The woman laughed outright. “You what?!”
“I declare myself…”
“Yeah yeah, I heard you. Captain’s gonna love this,” she continued, sarcastically. “We’re not a day out of port and we already have baggage to throw overboard.”
Molly’s eyes grew wide.
“Overboard?…” she said, meekly.
“Quite possibly. But that’ll be up to the Captain. Come on then.” She pushed Molly off the barrel and pointed her toward the stairs. “You certainly are a short one, kinda cute though,” she added, slapping her on the rear. “Maybe the Captain will let you ‘entertain’ the crew before we toss you to the fishies.”
The morning sun was blinding to Molly, and she put her hand up over her eyes.
“To Port, lass, up a deck.”
She just stared at the woman, who rolled her eyes.
“Good lord… Turn left, take the stairs. Go on, or do I need to carry you by your ears?”
Molly tripped as she scrambled up the stairs to the next deck, barking her shins on the steep steps. The tall woman followed, and then ushered her through a door. There was a small hall that seemed to double as a storage space, and then another door. At this one, she knocked.
“Come!” said a female voice beyond.
As they stepped into the captain’s cabin, Molly boggled at how incredibly cluttered it was. She was used to seeing heavily used workspaces at the Guild, but this was an order of magnitude more congested.
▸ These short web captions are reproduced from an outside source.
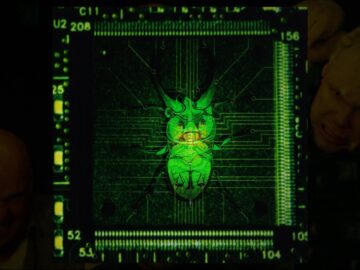 [ID: l_YA_ESGFzo] Youtube Automatic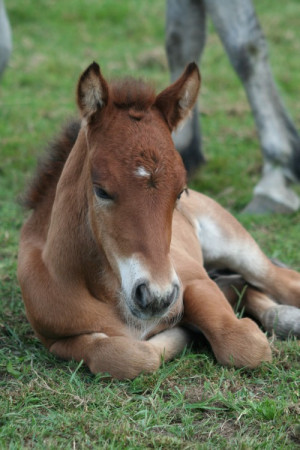 blissfully-cute-baby-animals-baby-horse-16%5B1%5D.jpg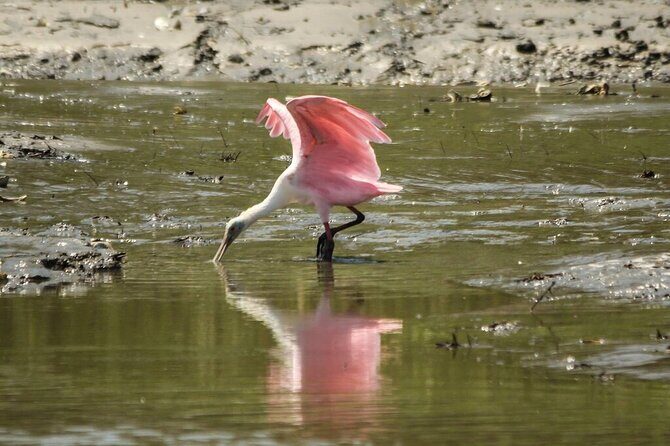 90 Minute Tour to See Dolphins in Hilton Head Island - Frequently Asked Questions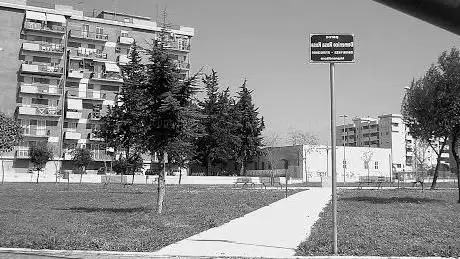 Photo de Parco Domenico Rosa Rosa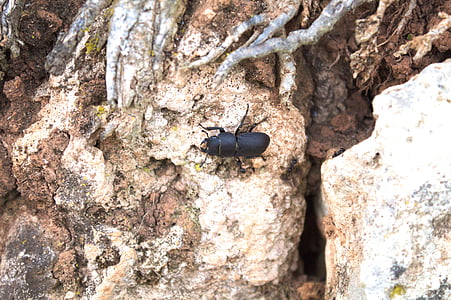 scarab, ants, attack, danger, nature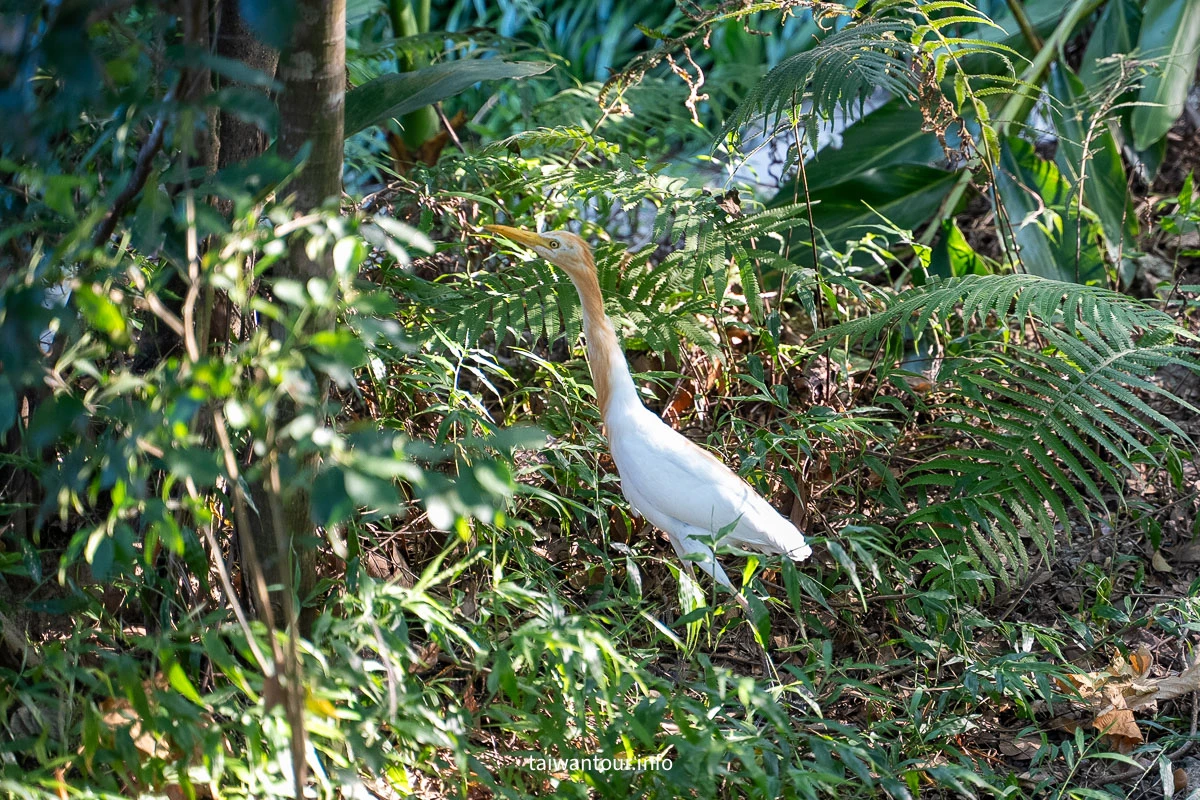 【富陽自然生態公園】台北森林系秘密基地完整指南 【富陽自然生態公園】台北森林系秘密基地完整指南
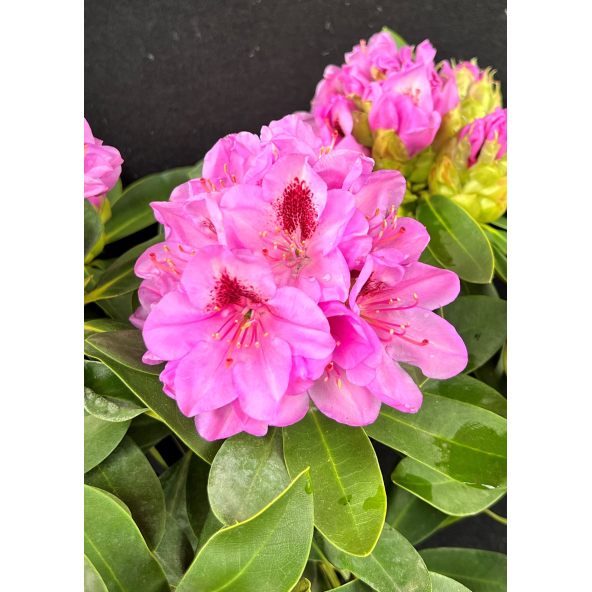 'Libín' - różanecznik wielkokwiatowy
Rhododendron hybridum 'Libín'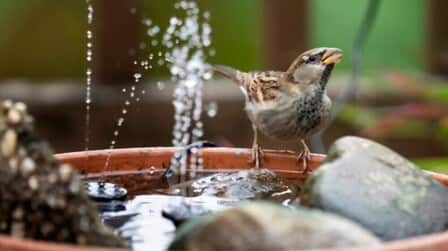 6 Best Solar Hummingbird Bath Fountains of 2025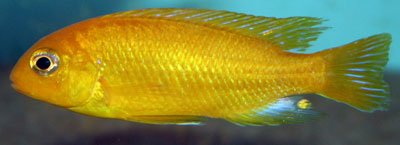 Pseudotropheus Tropheops Chitande Yellow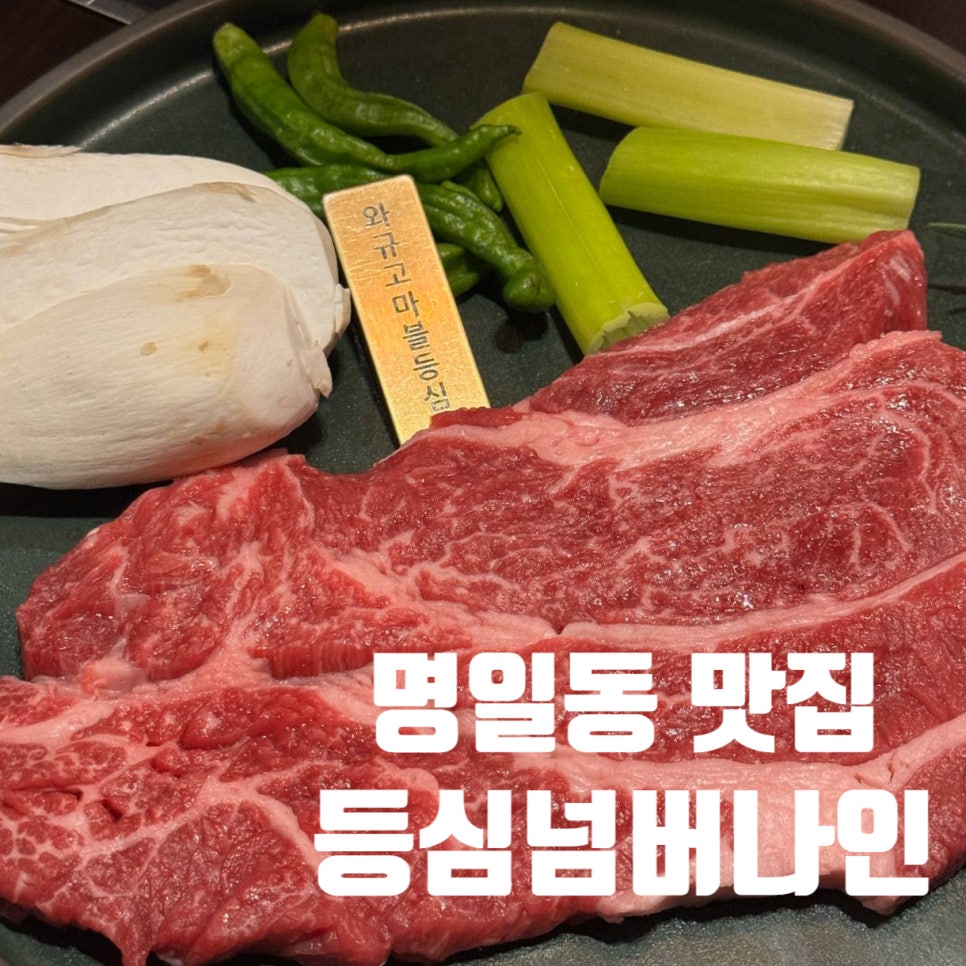 등심넘버나인 이미지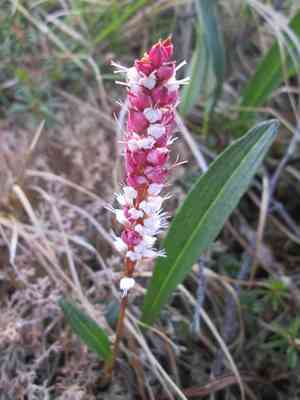 Meadow bistort(Bistorta plumosa)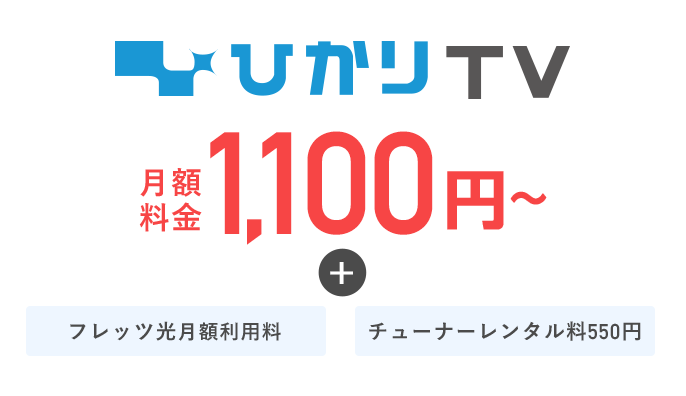 月額料金1100円〜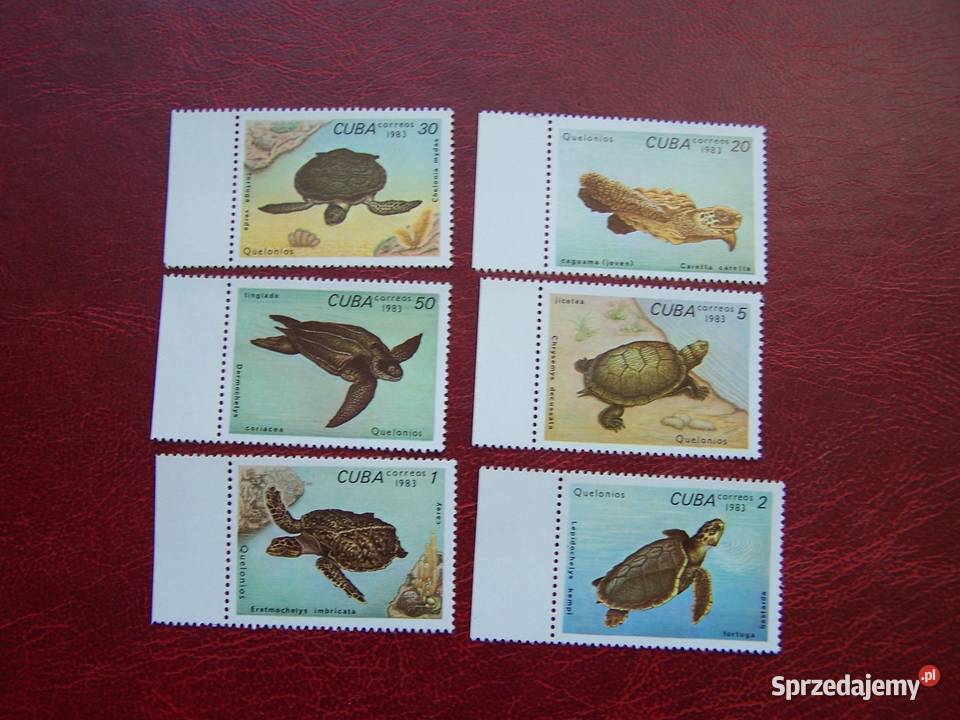 Kuba 1983 MNH Mi 276671 Fauna Żółwie Tychy sprzedam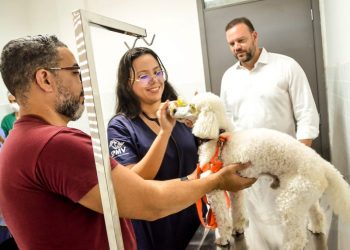 Clínica e Hospital do Pet realizam mais de 116 mil procedimentos no ano de 2024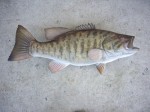 Filename : trout30 006_thumb.jpg
Filesize : 134KB
Dimensions : 640x480
Date added : Feb 08, 2011 trout30 006_thumb.jpg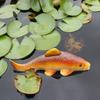 Pești și animale marine – Decorul acvariului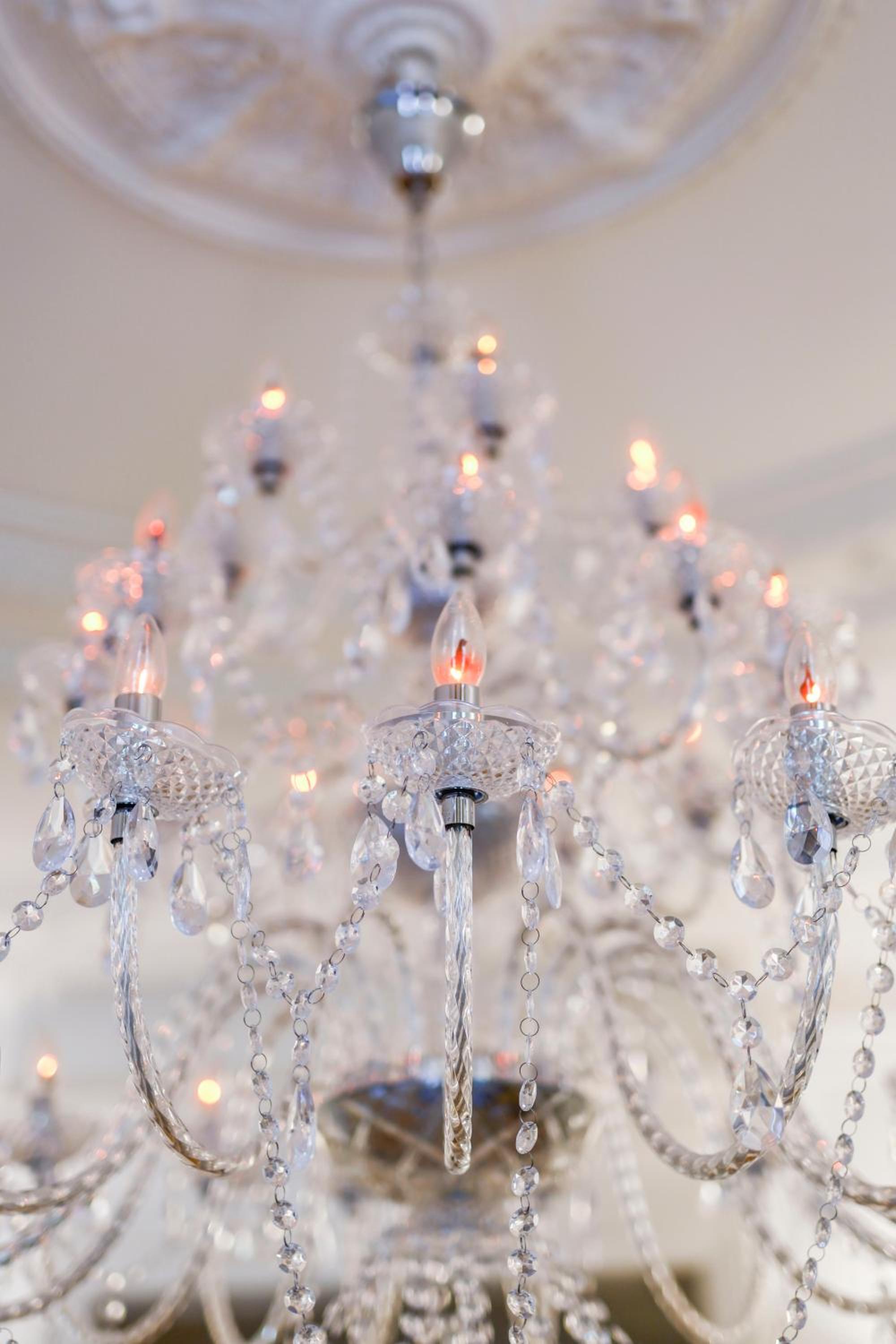 Deluxe Junior Suite with Garden 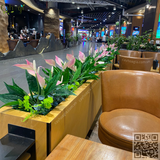Thi Công Thay Thế Bồn Cây Giả Cho Quán Cafe Starbucks Tại AEON MALL Hà Đông
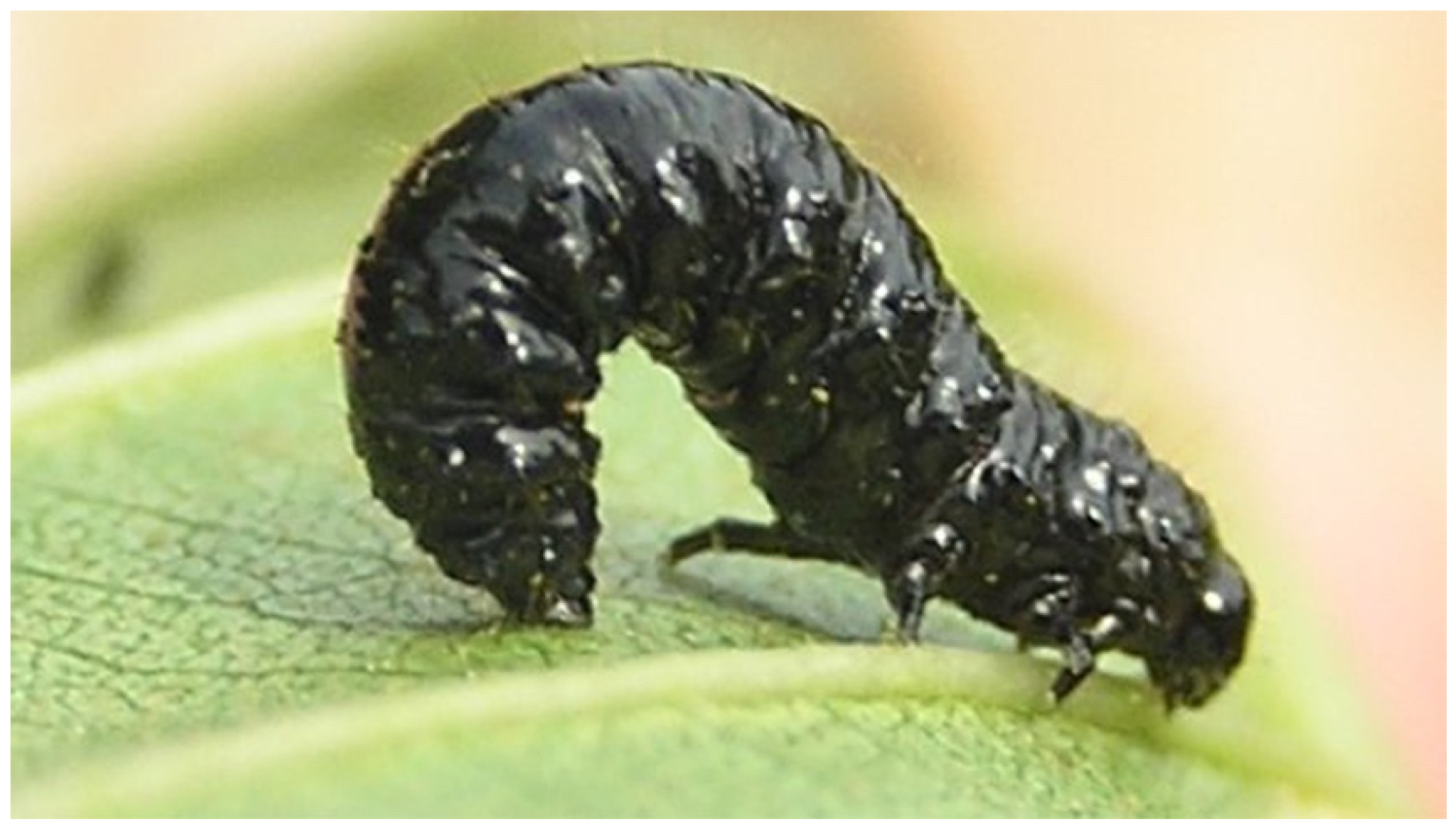 Insects 13 01001 g004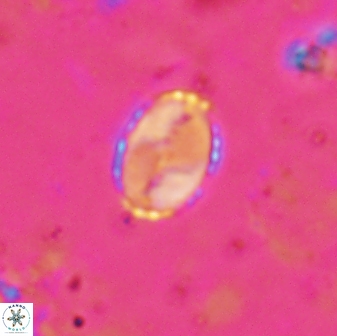 Asapholithos porosuturalis 13522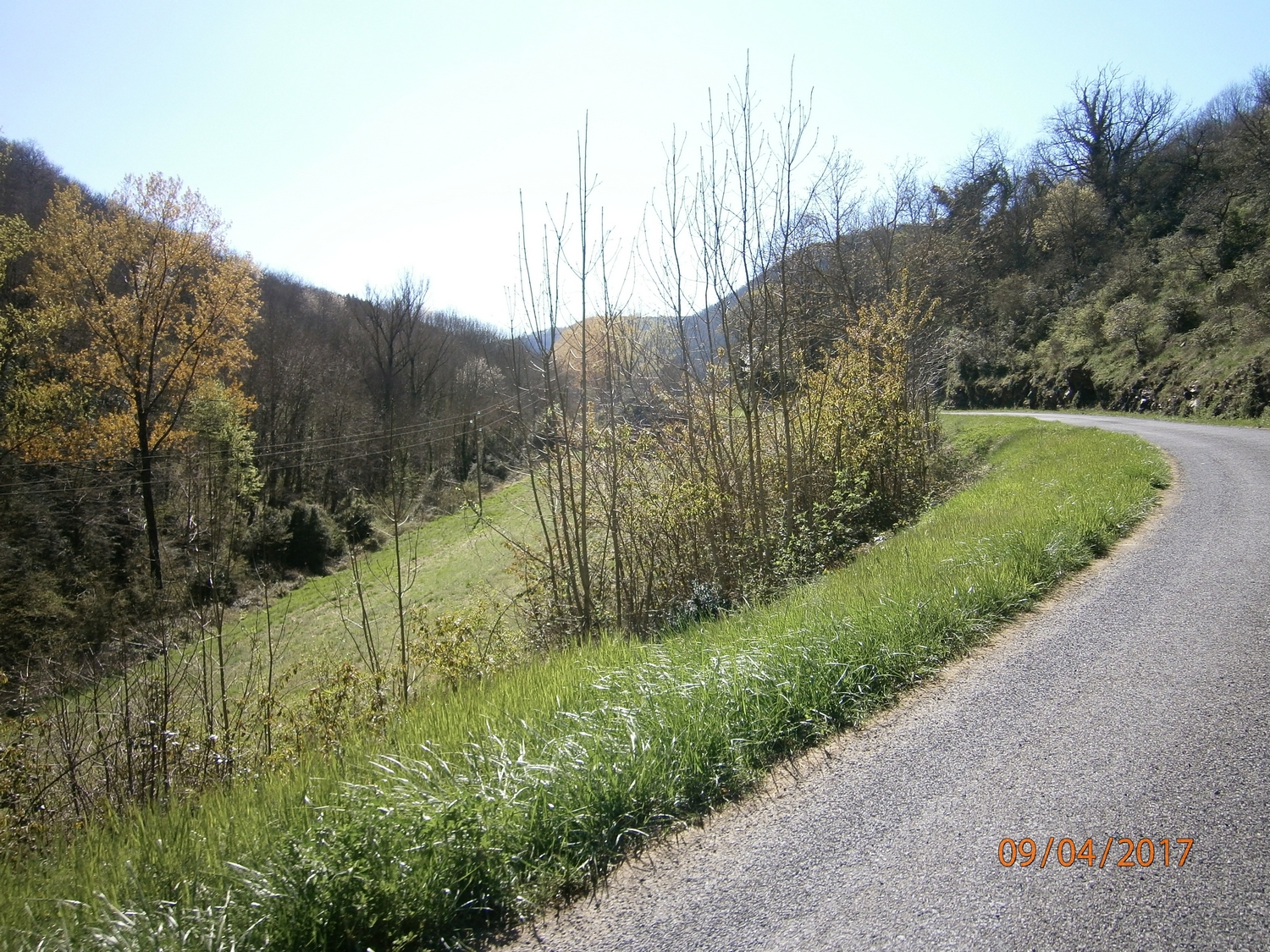 La vallée commence de se resserrer mais ce n'est pas encore une gorge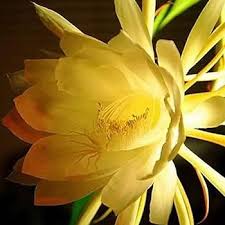 Gelb Epiphyllum Blumensamen zur Aussaat – Drought verträglich – Traditionssorte & ohne Gentechnik Samen Hausgarten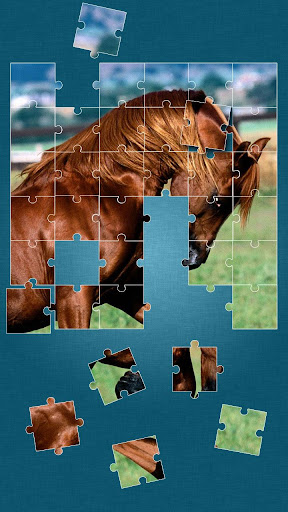 Horses Jigsaw Puzzle Game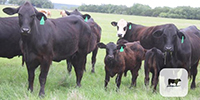 10 Brangus & Brangus Baldy 1st-Calf Pairs... Central TX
But as she mentally catalogued what she was seeing, she decided that most of it was simply stored for space rather than quick access.
The tall woman pushed her forward until she was before a large anchored desk. Standing behind it was another female dressed in a more formal uniform of sorts. She didn’t recognise the tailoring or colors, which made her a little nervous. The woman herself was blonde-haired, with her mane tied back into a single ponytail. Molly noticed that she too wore a sabre, and sighed with trepidation. Something wasn’t right.
“Oh, you have got to be kidding me. Brill, I thought we sealed the cargo this time!”
The black-haired woman, who Molly took to be the one named ‘Brill’, looked a little embarrassed, but nodded.
“We did sir. Netted and marked. My guess is she just fit through the seam.”
The Captain rubbed her forehead as though she had a headache. “Gods, we don’t need this. Not this time…”
“What’s your name, child?”
“Molly Amberly, ma’am. I declare myself for bond as a stowaway. And… I’m not a child. I’m of age.”
“Are you now,” responded the woman, unimpressed. “Let me tell you something, girl; I’ve know people twice your age that acted like infants, and also ‘children’ that needed to be adults long before their time. Your age means nothing to me, not out here.” She indicated the sea beyond the ornate window behind her. “To me you’re a child until you prove otherwise, got that?”
“Yes, ma’am,” she replied, more meekly.
“You call me, ‘sir’ or ‘Captain’, as is my rank. I’m not your mother, understand?”
“Good. Now about this bond you seem to think I’ll give you…”
“I was told that I could declare myself, and that you would take me in bond to be paid when we reach Pellin Harbor… Sir.”
“Miss Amberly, if you interrupt me again I’ll have the deck watch take you upstairs and flog you bloody.”
Molly shut up.
“Pellin? Why in the world would you think we’re going to Pellin?”
She scratched her chin. “Oh for goodness sake, speak, girl!” she added when Molly remained quiet.
“I… I was told the Grand Maiden was to stop at Pellin Harbor on route to Greattree, sir.”
The other woman suddenly looked as though something had occurred to her. “The Maiden was moored abreast to us in port. If I may, Captain, the dock was stacked for crosswise loading…”
“I don’t understand,” said Molly.
The Captain explained. “Some docks have their loading cranes out by the boats, but the main spars are too long to hoist palettes from the same side of the dock as the ship they’re servicing, so the dock has ‘crosswise’ loading.”
Molly still didn’t get it.
“… They stack goods on the opposite side of the dock from the vessel.”
Suddenly she understood. “Oh my god…”
“You’re on the wrong ship, lass,” said Brill, smiling.